▶ **Record excerpts**:
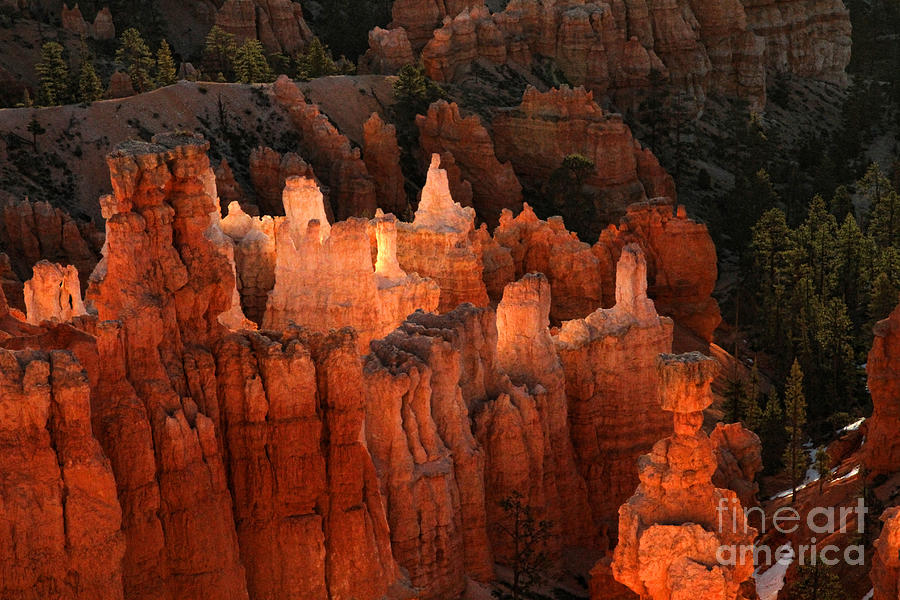 Sunrise in Bryce 6 Photograph by Edward R Wisell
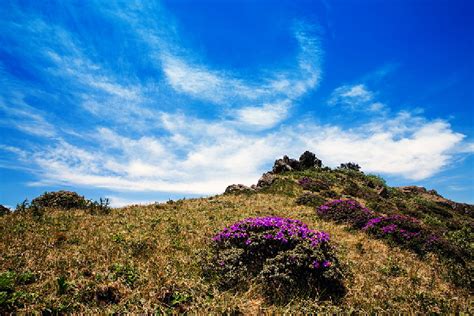 巧家药山管理局是什么单位,药山管护局对新任副科级干部进行廉政谈话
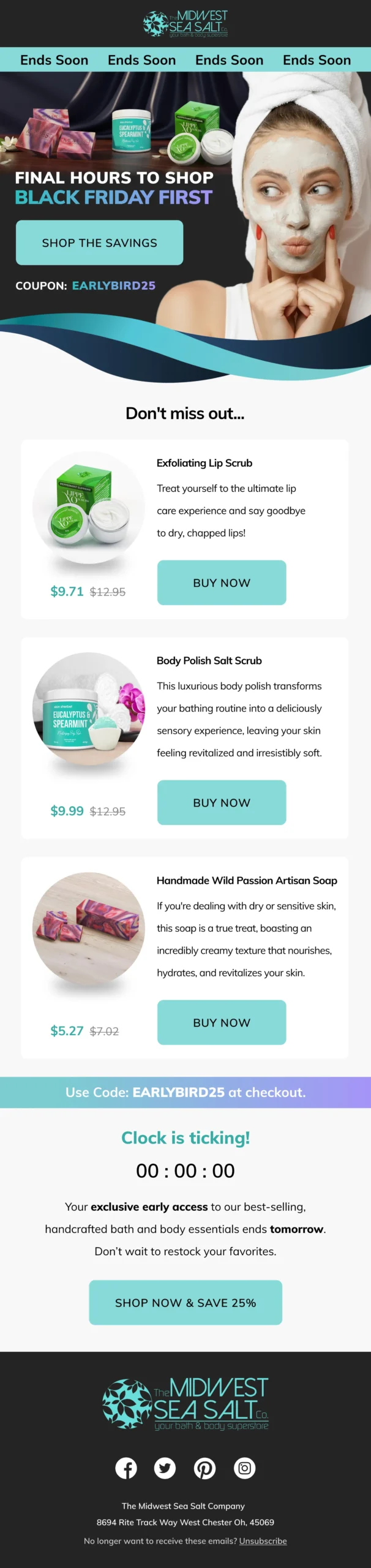 Email Designs 20 Enviary BC 11 scaled Enviary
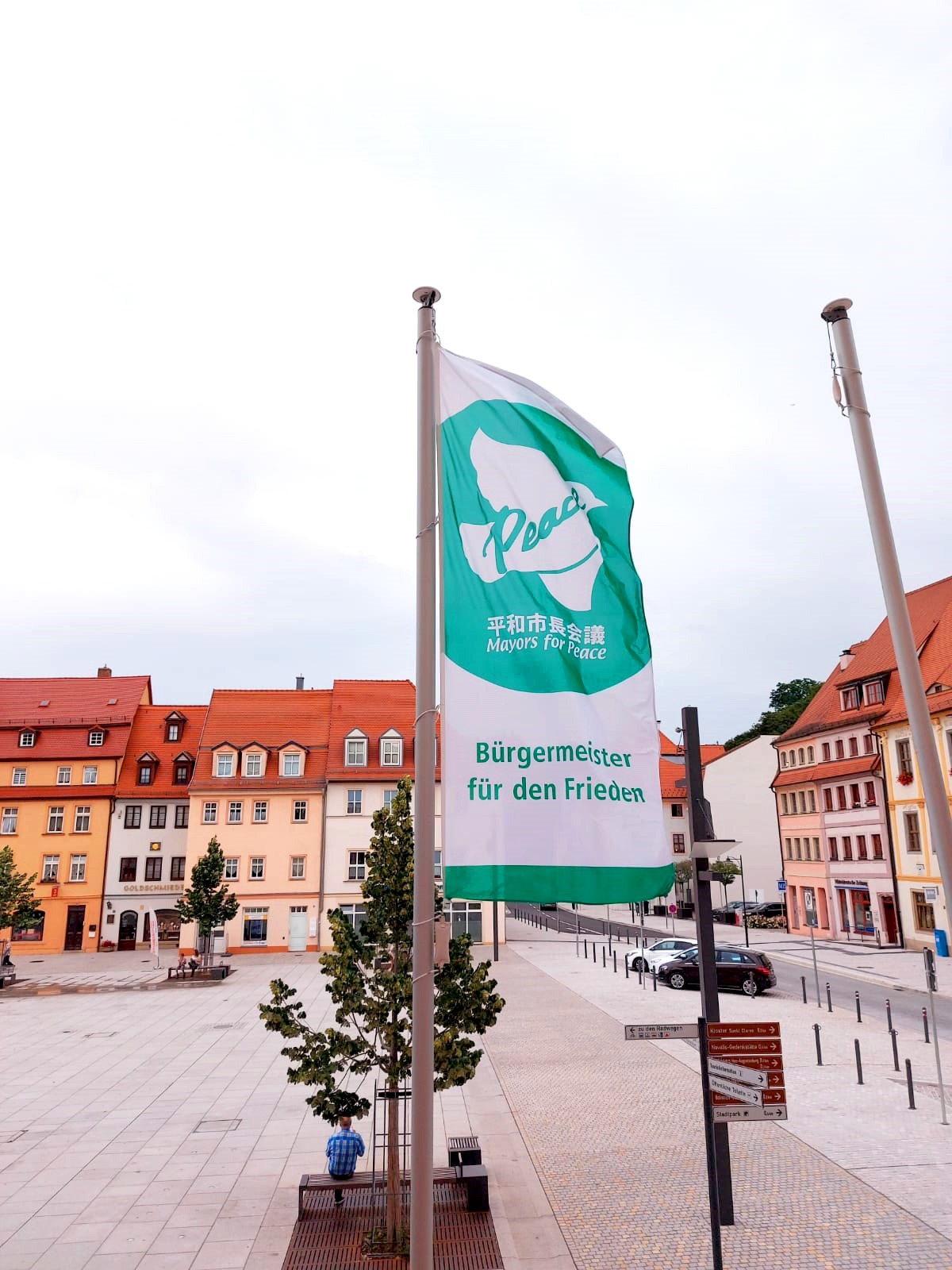 Friedensfahne, Friedenstaube Weltfriedenszeichen Symbol Flagge für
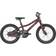 Scott Contessa 16 2022 Barncykel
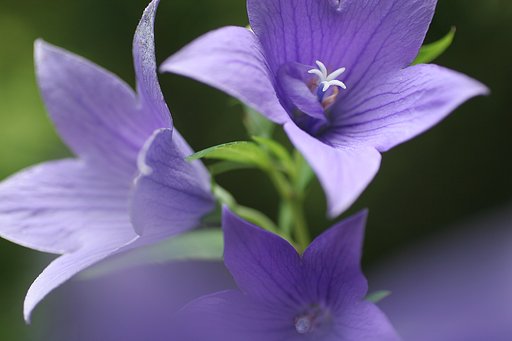 キキョウ連花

▶ **Your objective**:
Once the line containing "Email Designs 20" is found, transcribe it and the rest of the lines to the end of the listing above exactly, omitting all pictures.

▶ **Solution**:
 Email Designs 20 Enviary BC 11 scaled Enviary
 Friedensfahne, Friedenstaube Weltfriedenszeichen Symbol Flagge für
 Scott Contessa 16 2022 Barncykel
 キキョウ連花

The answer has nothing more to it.